Philadelphians living downtown will get their first Giant grocery store this year, as the company unveils its new concept for urban neighborhoods called Giant Heirloom Market.
Giant Food Stores LLC, of Carlisle, Pa., announced the new store Thursday during its 95th anniversary celebration at Dilworth Park with Mayor Kenney and other public officials. Giant also presented a $1 million donation to the hunger relief nonprofit Philabundance,
The new store, at 2303 Bainbridge St., is part of a trend of grocery retailers opening shops in urban mixed-use projects to reach city residents, but not all have succeeded. Giant's parent, Netherlands-based Ahold Delhaize, had previously developed a small-format grocery store for urban markets under the name bfresh, but dropped it last year.
"[In] many cities, including parts of our own, access to fresh foods can be woefully lacking," Kenney said at the event, "so we are always grateful when new stores and resources come to town."
Giant, which has more than 170 stores in Pennsylvania, Maryland, Virginia, and West Virginia, is "very strong" in the Philadelphia suburbs, but it wasn't in a position to also serve the increasing numbers of downtown residents with a brick-and-mortar location, said Nicholas Bertram, Giant Food Stores president.
"We can't meet our full potential without this new format," Bertram said. "I was surprised, whenever we did research, how much customers wanted to be able to prepare their own food. That's where I saw the opportunity. People want shortcuts and hacks. They are inspired by the chefs in Philly and want to recreate those dishes and they don't always have access to the best ingredients and we're going to solve that for them."

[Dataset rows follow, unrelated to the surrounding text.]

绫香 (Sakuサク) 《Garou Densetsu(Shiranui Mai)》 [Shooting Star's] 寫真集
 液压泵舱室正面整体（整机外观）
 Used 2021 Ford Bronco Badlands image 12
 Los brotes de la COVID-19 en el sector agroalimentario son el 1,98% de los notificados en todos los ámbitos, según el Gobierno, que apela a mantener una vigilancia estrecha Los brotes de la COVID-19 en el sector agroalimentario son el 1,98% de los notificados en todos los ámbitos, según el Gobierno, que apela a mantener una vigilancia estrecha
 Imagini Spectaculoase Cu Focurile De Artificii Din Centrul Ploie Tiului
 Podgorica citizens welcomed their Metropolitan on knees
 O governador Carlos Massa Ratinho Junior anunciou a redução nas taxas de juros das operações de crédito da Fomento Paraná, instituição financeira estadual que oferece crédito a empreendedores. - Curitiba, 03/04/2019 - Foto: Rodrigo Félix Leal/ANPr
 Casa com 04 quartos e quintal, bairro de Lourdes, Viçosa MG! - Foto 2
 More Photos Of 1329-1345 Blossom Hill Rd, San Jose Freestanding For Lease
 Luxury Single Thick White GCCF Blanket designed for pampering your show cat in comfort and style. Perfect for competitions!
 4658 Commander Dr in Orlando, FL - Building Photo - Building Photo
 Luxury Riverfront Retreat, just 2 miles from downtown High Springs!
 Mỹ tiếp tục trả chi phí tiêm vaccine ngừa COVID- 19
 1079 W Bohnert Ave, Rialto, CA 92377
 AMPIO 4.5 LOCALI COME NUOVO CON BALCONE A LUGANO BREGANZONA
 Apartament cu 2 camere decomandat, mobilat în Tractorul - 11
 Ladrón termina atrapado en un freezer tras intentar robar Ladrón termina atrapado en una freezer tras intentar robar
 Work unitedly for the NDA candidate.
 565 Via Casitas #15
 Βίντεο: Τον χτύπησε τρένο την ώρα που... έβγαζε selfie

The "Heirloom" store will be smaller than the suburban stores, with about 9,500 square feet of first-floor retail space with apartments overhead. There will be a produce chef, local artisanal breads, and plant-based foods. Giant is "best known" for the produce department, Bertram said, so the urban concept name plays off that. At the same time, an "heirloom," he said, is an object that has stayed in a family for generations.
"After 95 years of a pretty successful run, " he said, "this is that moment we are passing down some of that to something new, so it is kind of a double meaning."
Although Giant has had a store on Grant Avenue in Northeast Philadelphia since 2011, the store on Bainbridge will be its first downtown location. The company anticipates the opening to create about 60 jobs. If shoppers are looking for a product not found in the smaller, urban format, they will be able to use in-store iPads to order online for Peapod delivery or pickup.
People prefer shopping for groceries in-store over online options, according to a 2017 report from the International Council of Shopping Centers. More than two-thirds of those surveyed purchased groceries only in a store, and just 1 percent chose online only. Most people who order online pick up their groceries at a store, the report found.
Other grocery sellers opening shops in Center City urban mixed-use developments include Aldi, Mom's Organic, Sprouts, and Target in a bid to reach residents who previously had no nearby grocery stores.
Ahold Delhaize's bfresh stores were expected to open in Philadelphia in the Abbotts Square condominium building at Second and South Streets and in the former Eastern Mountain Sports space at 3401 Chestnut St. in University City, in addition to the Bainbridge Street site where Heirloom is opening, said Larry Steinberg, chief operating officer of Rittenhouse Retail and one of the brokers representing Ahold.
"Because bfresh didn't work, I think they've been very protective of what they do next. I think they want to get it right this time," Steinberg said. With the Giant name attached to the urban "heirloom" stores, Steinberg said, that points to the company realizing "they need to tie the brand to the store in order to get recognition."